> **Assignment**
An exact copy of all the lines below is required, with every image left out.

> **Saved entries**
■ ■ ■ ■ ■ ■ ■

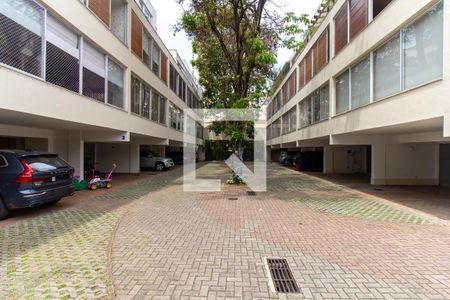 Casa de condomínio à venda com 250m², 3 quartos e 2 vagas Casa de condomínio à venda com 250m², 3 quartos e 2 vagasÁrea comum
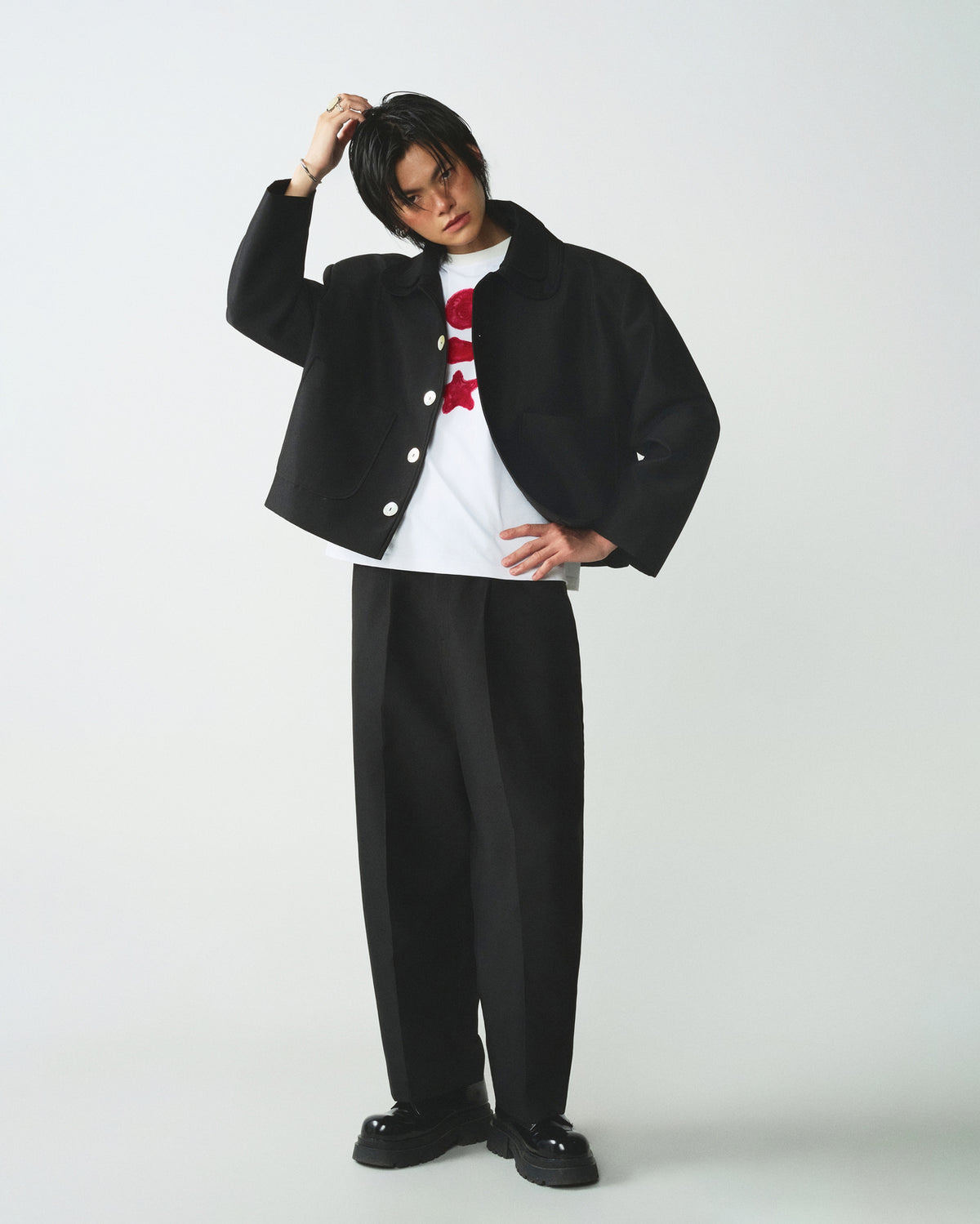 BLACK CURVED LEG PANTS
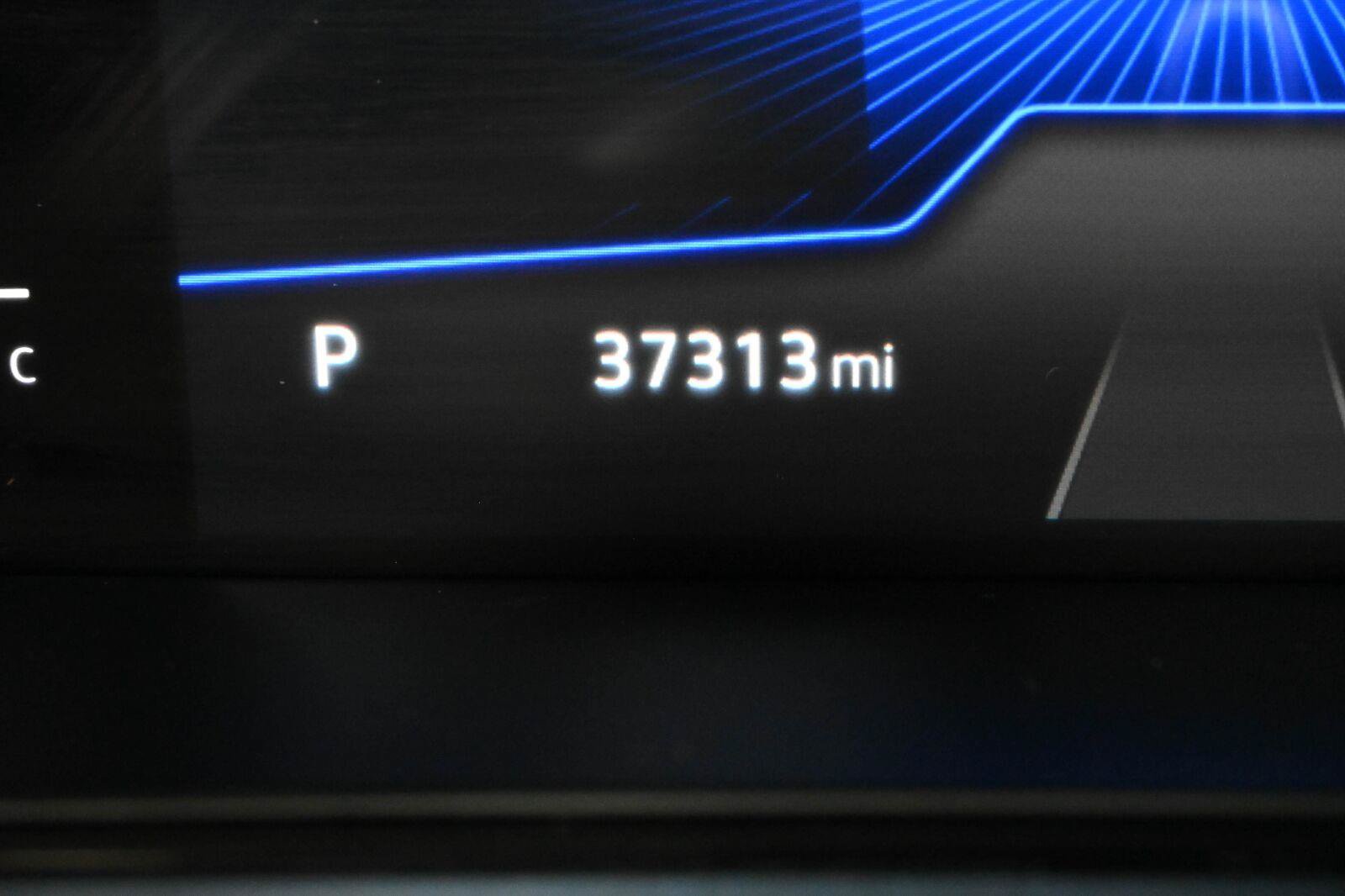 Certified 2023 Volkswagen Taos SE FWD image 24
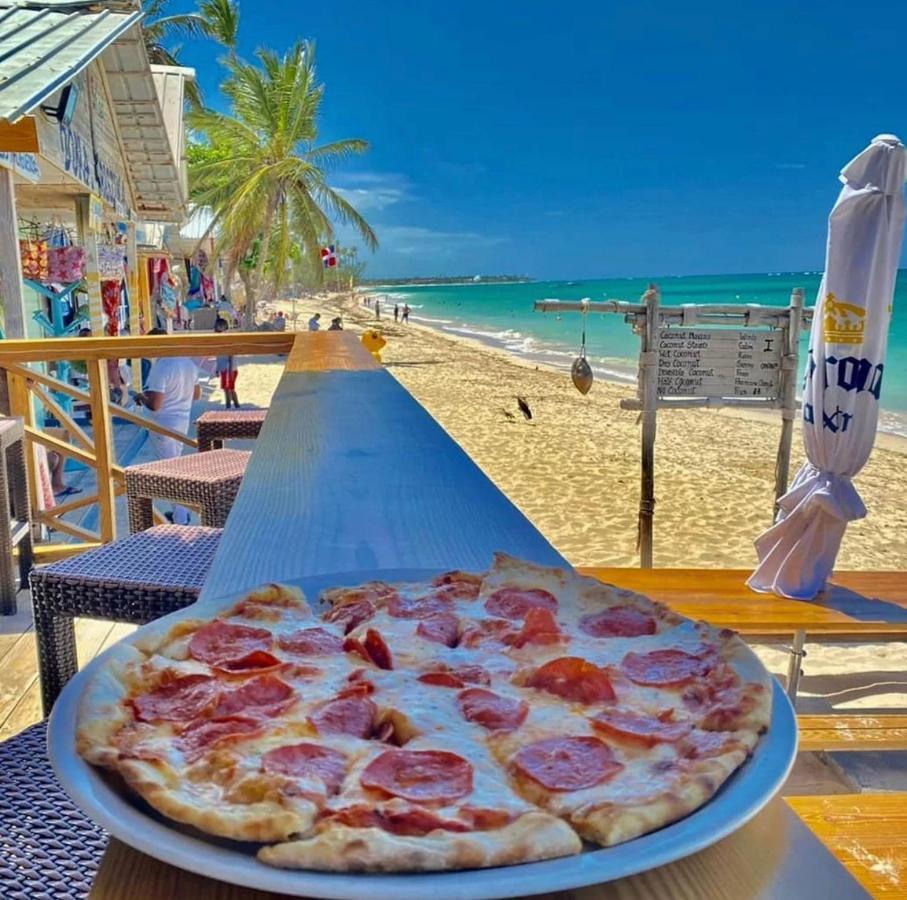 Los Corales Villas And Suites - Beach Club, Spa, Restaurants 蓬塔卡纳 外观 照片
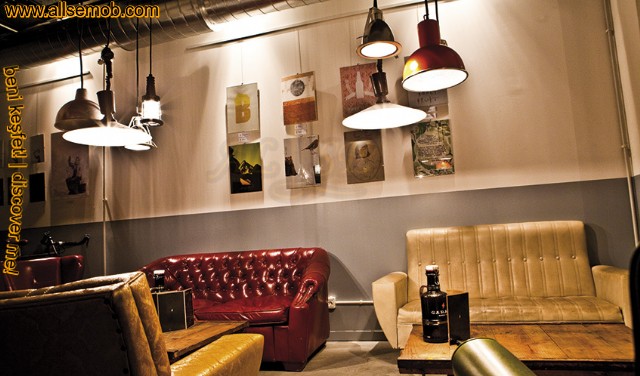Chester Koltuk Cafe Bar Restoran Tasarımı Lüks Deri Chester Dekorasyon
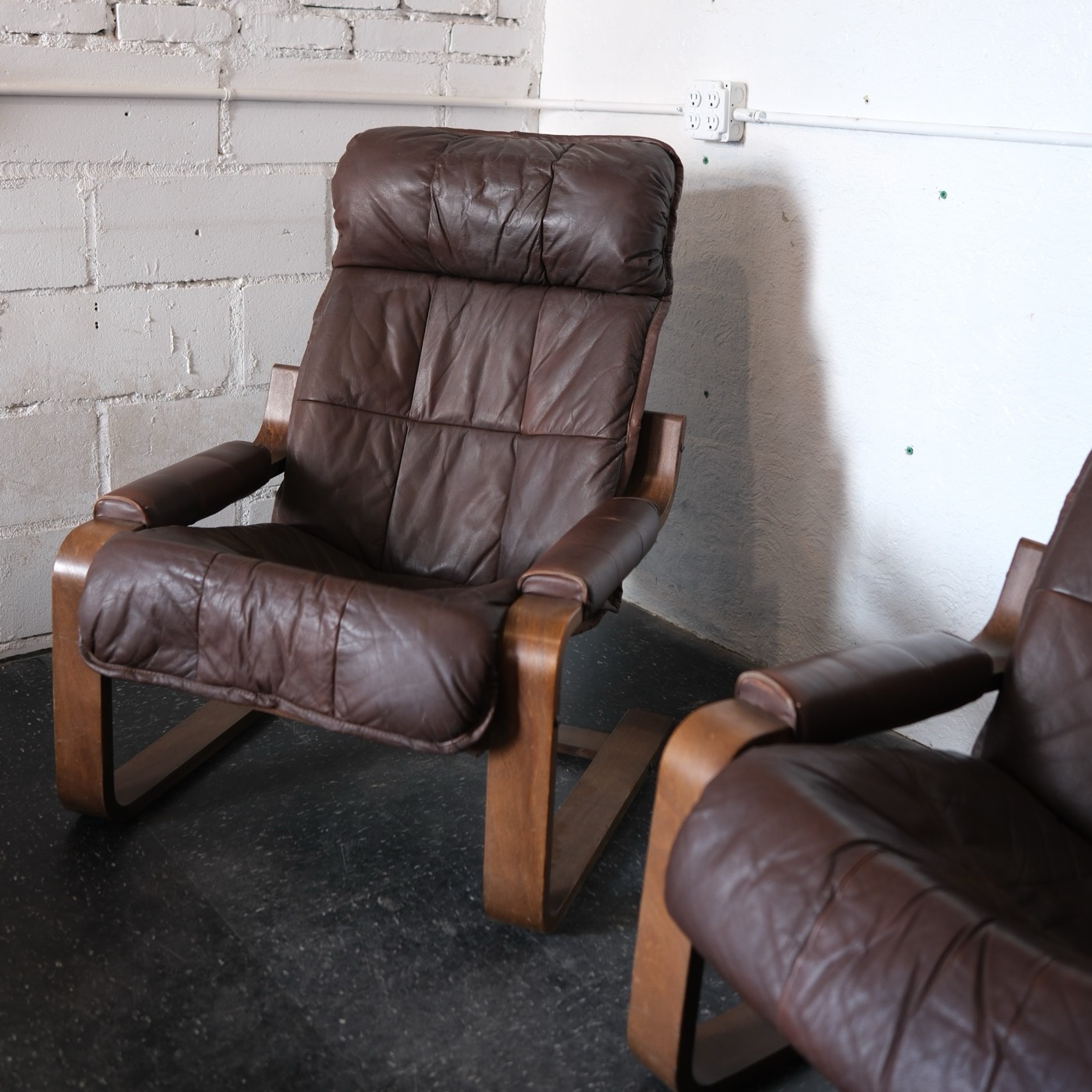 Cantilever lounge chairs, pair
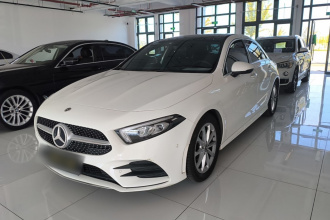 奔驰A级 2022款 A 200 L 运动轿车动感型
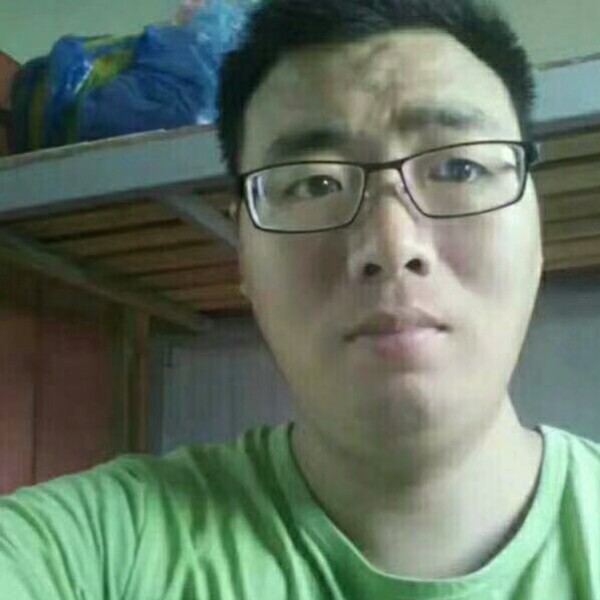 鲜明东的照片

■ ■ ■ ■ ■ ■ ■

> **Result of this task**
 Casa de condomínio à venda com 250m², 3 quartos e 2 vagas Casa de condomínio à venda com 250m², 3 quartos e 2 vagasÁrea comum
 BLACK CURVED LEG PANTS
 Certified 2023 Volkswagen Taos SE FWD image 24
 Los Corales Villas And Suites - Beach Club, Spa, Restaurants 蓬塔卡纳 外观 照片
Chester Koltuk Cafe Bar Restoran Tasarımı Lüks Deri Chester Dekorasyon
 Cantilever lounge chairs, pair
 奔驰A级 2022款 A 200 L 运动轿车动感型
 鲜明东的照片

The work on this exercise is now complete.